Carl Edwin Ladd was born 25 Feb. 1888 in McLean, Tompkins County, New
York, at the farm of his parents, Arnold D. and Mary E. (Mineah) Ladd; he was
their second son and the youngest of three children. Both parents were natives
of Tompkins County; his father was descended from Daniel Ladd, who came from
England to Massachusetts in 1634. Carl attended local schools and at fifteen
entered the nearby Cortland (N.Y.) Normal School, from which he graduated in
1907. After a year as school principal in South Otselic, N.Y., he enrolled in
the College of Agriculture at Cornell University. He received a B.S. degree in
1912 but stayed on for graduate study in the department of farm management,
specializing in cost accounting under the direction of Prof. George F. Warren,
whose economic ides he was to share, during the agricultural crisis of the
early 1930s. He received the Ph.D. in 1915.
That year Ladd became director of the New York State School of
Agriculture at Delhi, one of six regional schools recently established to
provide a two year program in applied agriculture. In 1917 he assumed overall
direction of the six schools as specialist in agricultural education in the
State Education Department at Albany. Two years later, he became director of
the State School of Agriculture at Alfred, N.Y. Ladd returned to Cornell in
1920, as extension professor of farm management. He was made director of
extension work for the College of Agriculture and the College of Home Economics
at Cornell in 1924.
Carl Ladd's career was build upon identification with the interests of
New York agriculture. He regarded the extension service as a vehicle for
transmitting the needs of the farmer to the college and as an agency for
formulating research programs to meet those needs. As director of extension he
worked closely with the State Farm Bureau Federation, using its county units as
local bases of operation for the College of Agriculture; through this structure
extension specialists were made available to individual farmers for
consultation. Under Ladd, Cornell also continued its policy of aiding farmer
cooperatives such as the Dairymen's League.
In 1932 Ladd became dean of the colleges of agriculture and of home
economics and director of the agricultural experiment station at Cornell. A
skilled administrator and mediator, he set up meetings at the college between
farmers and the businessmen who supplied their needs. Recognizing the trend
toward specialization in agriculture, he altered the focus of extension work
from general farming to particular commodities. He also kept Cornell in the
forefront of agricultural research, concentrating on such problems as better
food packaging, dehydration, and the artificial breeding of livestock. He set
up a special interdepartmental research and extension projects designed to
expand the market for potatoes, an important state product, and encouraged the
development of the frozen food industry in New York State.
Ladd's influence in agricultural matters extended beyond the campus.
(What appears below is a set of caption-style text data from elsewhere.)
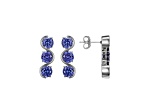 Blue Cubic Zirconia Platinum Over Silver December Birthstone Earrings 8.21ctw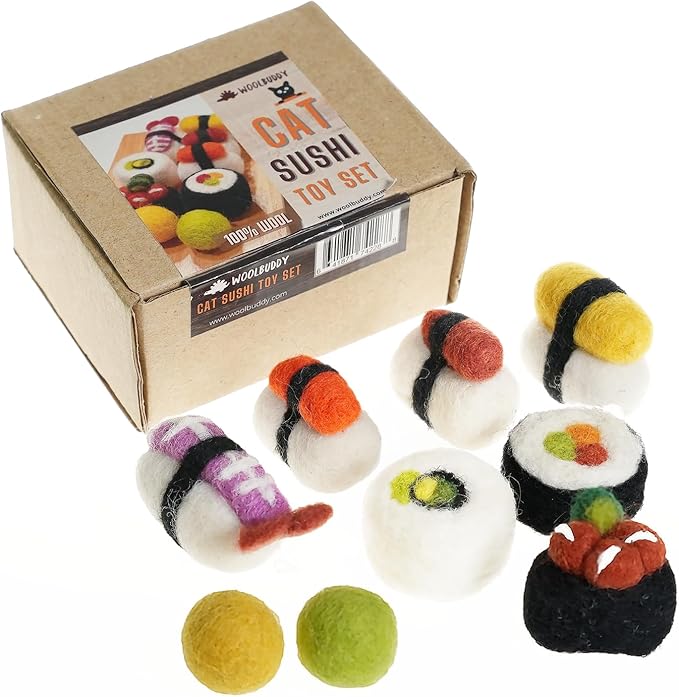 Woolbuddy Cat Toy - Cat Sushi Toy, 8pcs, Wool Cat Toy for Boredom & Stimulating, Cute Interactive Cat Toys for Indoor Cats, Self Play Cat Kitten Toys, Cat Chew Toy, Cat Enrichment Without Catnip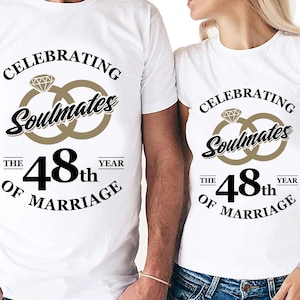 Almas gemelas celebrando el 48.o año de matrimonio Cortar archivos / Cricut / Silhouette Cameo / Svg Cut File / Archivo digital / PDF / Eps / DXF / PnG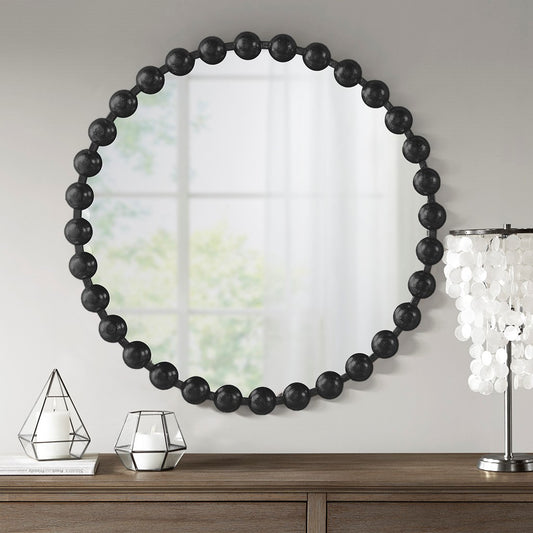 Round Iron Framed Wall Decor Mirror, Black 27"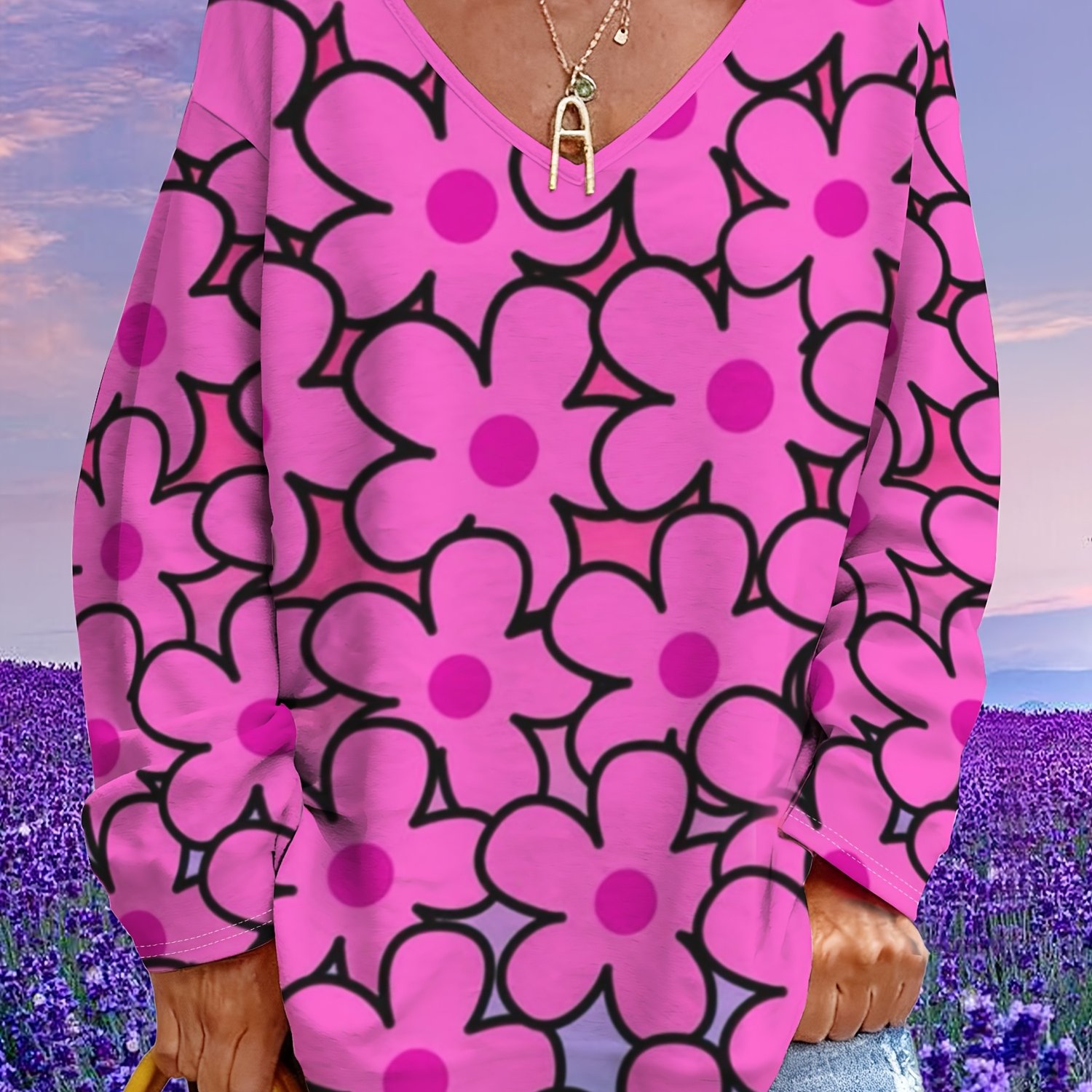 TEMU Women's V-neck Long Sleeve Top -- Pink Base With Hand-painted Floral Print, Loose Fit, Casual And Comfortable, Versatile Daily Trendy Style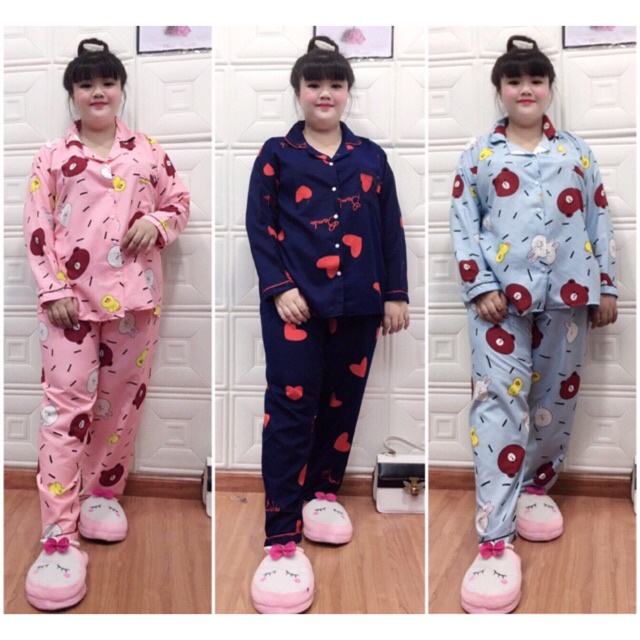 Bộ đồ ngủ NAM NỮ BIG SIZE pijama dài bộ đồ bầu mặc nhà chất kate thái thoải mái dễ thương giá rẻ Hanz.vn H46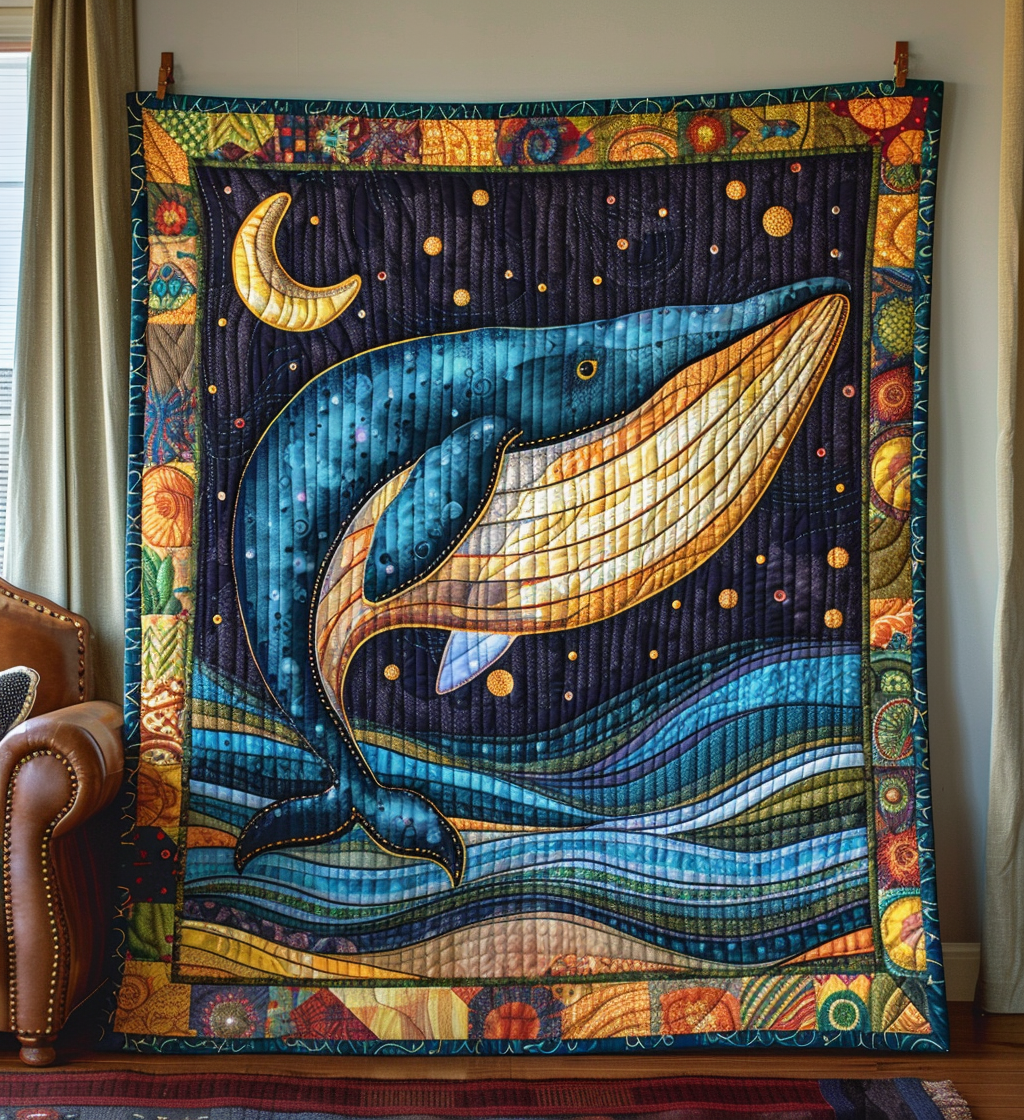 Midnight Whales Quilted Blanket Gift For Whale Lover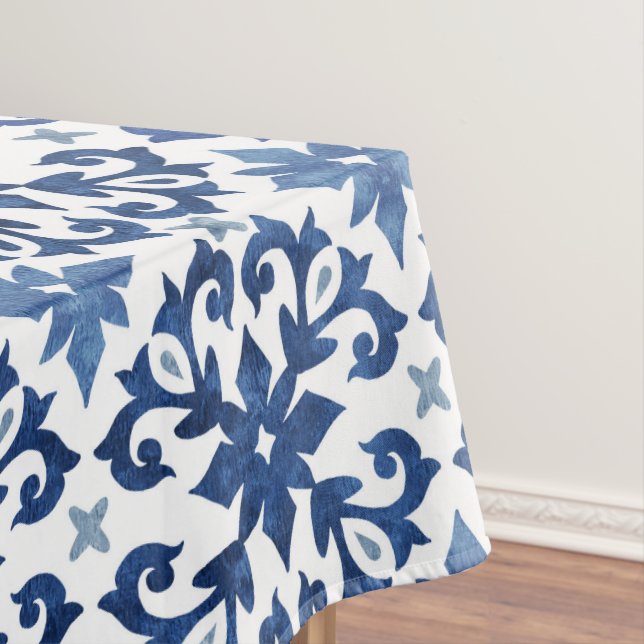 Blue Floral Moroccan Tile Pattern  Tablecloth (In Situ)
He had become widely known to the farming public at large through the columns
of the "American Agriculturist," edited by his close friend Edward R. Eastman.
Sensitive to the techniques of public relations, he maintained contacts in
Albany and Washington and with the newspaper publisher Frank Gannett. Ladd
served as secretary of the State Agricultural Advisory Commission under Gov.
Franklin D. Roosevelt, and later as chairman; he became chairman of the New
York State Planning Council in 1936; and he was a director of the Federal Land
Bank at Springfield, Mass., a major source of credit for Northeastern farmers.
Ladd's reaction to the agricultural program of the New Deal was
ambivalent. He supported the Agricultural Adjustment Act as a temporary
expedient and recognized the need for some government assistance, but objected
to the degree of central planning envisaged by the Roosevelt administration. As
new federal agencies concerned with the farmer were created, Ladd sought with
considerable success to have them administered by the existing network of
county agents that made up the extension service of the various land-grant
colleges. The matter was formalized at a conference in 1938 between
representatives of the colleges and the federal Department of Agriculture at
which a compromise (the "Mount Weather Agreement") was worked out by Ladd.
While still active as dean, he died on 23 July 1943 of a coronary
attack at the age of fifty five and was buried at McLean, New York.
Gould P. Colman, Dictionary of American Biography, 1973.